Illustration of how a substantially faster incremental gridding is frequently employed to ingest new data, while full gridding of the entire DTM regions is typically reserved for occasions when new DTM versions are published or significant edge effects are observed around included datasets.

Source data

A list of all bathymetric source data, contributors, descriptions, and available references is provided together with the IBCAO 5.0 DTMs (https://doi.org/10.17043/ibcao-5.0), which currently includes approximately 1400 datasets from approximately 78 sources and hundreds of contributing researchers and organisations. In addition, we have included here in the main article those citations of source data from this list that have Digital Object Identifiers (DOI)28,29,30,31,32,33,34,35,36,37,38,39,40,41,42,43,44,45,46,47,48,49,50,51,52,53,54,55,56,57,58,59,60,61,62,63,64,65,66,67,68,69,70,71,72,73,74,75,76,77,78,79,80,81,82,83,84,85,86,87,88,89,90,91,92,93,94,95,96,97,98,99,100,101,102,103,104,105,106,107,108,109,110,111,112,113,114,115,116,117,118,119,120,121,122,123,124,125,126,127,128,129,130,131,132,133,134,135,136,137,138,139,140,141,142,143,144,145,146,147,148,149,150,151,152,153,154,155,156,157,158,159,160,161,162,163,164,165,166,167,168,169,170,171,172,173,174,175,176,177,178,179. All source datasets used to compile IBCAO 5.0 are stored in XYZ or TIF-format in a repository, which contains a total of roughly 1550 datasets, although some datasets are composed of several merged surveys, some are part of the same survey and were divided to optimise the resolution versus depth (see Methods), and some have been deemed to not meet our quality requirements and are, therefore, no longer used. For this reason, the figure of 1550 datasets do not represent the exact number of datasets or sources used in IBCAO 5.0. Whenever possible, individual surveys are combined in the list of bathymetric source data (see https://doi.org/10.17043/ibcao-5.0) and are instead listed under the vessel used for the survey or their contributing organisation in order to shorten and simplify the table. Furthermore, in addition to the datasets within the IBCAO region, we also have access to datasets provided to Seabed2030/GEBCO that are primarily located in the north Pacific Ocean and the Atlantic Ocean, but extend into the Arctic IBCAO region. Approximately 500 datasets of this kind are included when producing IBCAO 5.0.
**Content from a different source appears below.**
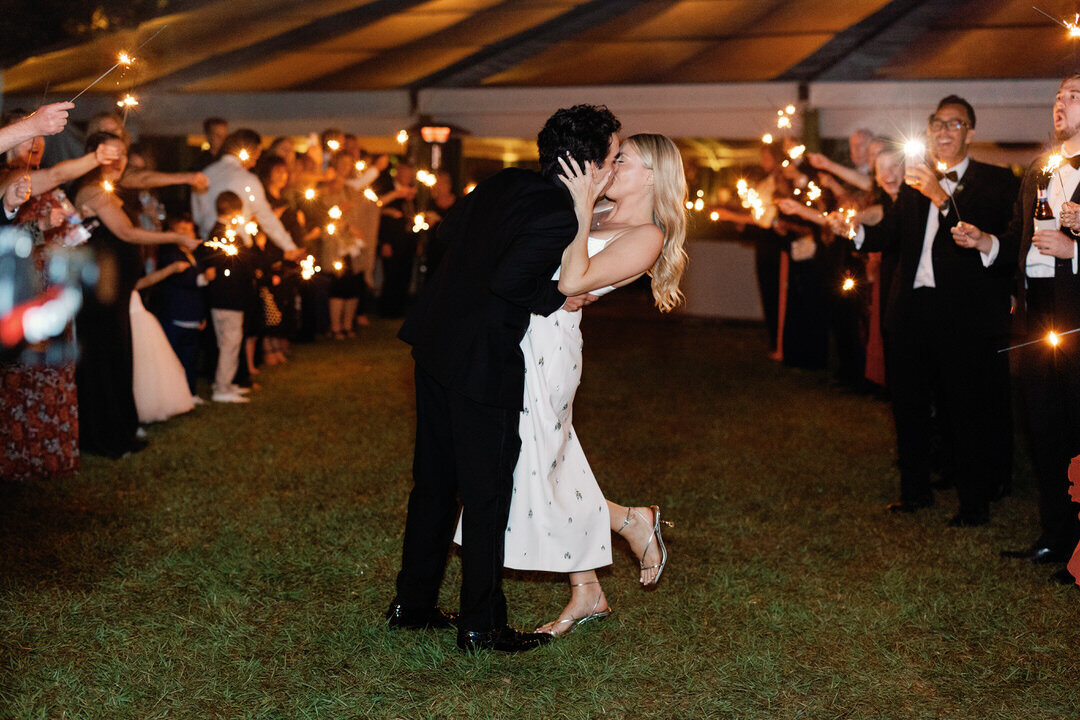 Charleston-South-Carolina-Wedding-Photographer-0049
It should be emphasised that the IBCAO source data repository, hosted on AWS, is not open for public data download. For access to the source datasets, we refer to the original providers listed in our list of sources or the IHO Data Center for Digital Bathymetry (DCDB), where many of the included datasets are archived (https://www.ncei.noaa.gov/maps/iho_dcdb/). As previously mentioned, a unique SID is stored in the AWS metadata database, correlating each survey dataset with its metadata, as well as a TID, categorising the data according to the depth acquisition method listed in Table 2. Users may thus use the SID grid to find the datasets used in any given region. In addition, we store as much metadata related to each cruise or survey as can be determined, including the cruise or survey name, cruise report or survey publication, chief scientist, start and end date, start and end port, originator and provider, platform class, station name and ID, instruments used, and vertical and horizontal resolution.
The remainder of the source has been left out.